Dataset items:
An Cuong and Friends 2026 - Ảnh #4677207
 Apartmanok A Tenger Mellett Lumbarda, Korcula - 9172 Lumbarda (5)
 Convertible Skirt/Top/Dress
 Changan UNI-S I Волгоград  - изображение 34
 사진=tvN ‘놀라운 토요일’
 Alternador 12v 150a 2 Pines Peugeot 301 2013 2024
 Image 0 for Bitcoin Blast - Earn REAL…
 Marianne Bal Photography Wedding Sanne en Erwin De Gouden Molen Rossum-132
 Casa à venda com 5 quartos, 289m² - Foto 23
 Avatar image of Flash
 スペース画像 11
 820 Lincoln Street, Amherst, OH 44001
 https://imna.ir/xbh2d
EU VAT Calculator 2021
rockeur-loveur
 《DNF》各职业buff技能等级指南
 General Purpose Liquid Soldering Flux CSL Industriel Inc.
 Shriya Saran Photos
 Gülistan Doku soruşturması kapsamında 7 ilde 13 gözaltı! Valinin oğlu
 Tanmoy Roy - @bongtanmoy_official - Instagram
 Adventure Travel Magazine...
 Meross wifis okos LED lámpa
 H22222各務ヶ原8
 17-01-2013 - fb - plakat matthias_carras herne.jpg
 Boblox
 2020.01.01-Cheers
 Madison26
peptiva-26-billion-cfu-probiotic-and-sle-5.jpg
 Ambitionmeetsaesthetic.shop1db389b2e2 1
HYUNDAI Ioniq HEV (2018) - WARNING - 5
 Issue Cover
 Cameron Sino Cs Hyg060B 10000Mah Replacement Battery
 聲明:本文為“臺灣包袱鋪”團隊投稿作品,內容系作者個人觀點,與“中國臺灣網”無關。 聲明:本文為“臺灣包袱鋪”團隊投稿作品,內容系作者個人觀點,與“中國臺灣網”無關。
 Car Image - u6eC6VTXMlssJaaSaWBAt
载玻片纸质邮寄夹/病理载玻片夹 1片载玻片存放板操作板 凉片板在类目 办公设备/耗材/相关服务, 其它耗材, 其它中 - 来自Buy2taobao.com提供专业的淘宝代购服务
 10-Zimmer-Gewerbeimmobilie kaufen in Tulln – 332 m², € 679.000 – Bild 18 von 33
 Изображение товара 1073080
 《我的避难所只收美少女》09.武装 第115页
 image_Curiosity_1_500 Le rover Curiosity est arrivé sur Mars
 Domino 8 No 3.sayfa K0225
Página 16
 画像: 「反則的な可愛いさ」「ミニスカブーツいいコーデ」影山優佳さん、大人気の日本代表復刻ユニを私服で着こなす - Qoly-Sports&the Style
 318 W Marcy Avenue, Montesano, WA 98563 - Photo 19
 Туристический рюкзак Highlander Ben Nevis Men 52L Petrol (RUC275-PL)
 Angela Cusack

▶ [What is needed] Would you copy out exactly the lines above that start at the one containing "Cameron Sino Cs" and end at the one containing "318 W Marcy", inclusive?

▶ [Solution below]
 Cameron Sino Cs Hyg060B 10000Mah Replacement Battery
 聲明:本文為“臺灣包袱鋪”團隊投稿作品,內容系作者個人觀點,與“中國臺灣網”無關。 聲明:本文為“臺灣包袱鋪”團隊投稿作品,內容系作者個人觀點,與“中國臺灣網”無關。
 Car Image - u6eC6VTXMlssJaaSaWBAt
载玻片纸质邮寄夹/病理载玻片夹 1片载玻片存放板操作板 凉片板在类目 办公设备/耗材/相关服务, 其它耗材, 其它中 - 来自Buy2taobao.com提供专业的淘宝代购服务
 10-Zimmer-Gewerbeimmobilie kaufen in Tulln – 332 m², € 679.000 – Bild 18 von 33
 Изображение товара 1073080
 《我的避难所只收美少女》09.武装 第115页
 image_Curiosity_1_500 Le rover Curiosity est arrivé sur Mars
 Domino 8 No 3.sayfa K0225
Página 16
 画像: 「反則的な可愛いさ」「ミニスカブーツいいコーデ」影山優佳さん、大人気の日本代表復刻ユニを私服で着こなす - Qoly-Sports&the Style
 318 W Marcy Avenue, Montesano, WA 98563 - Photo 19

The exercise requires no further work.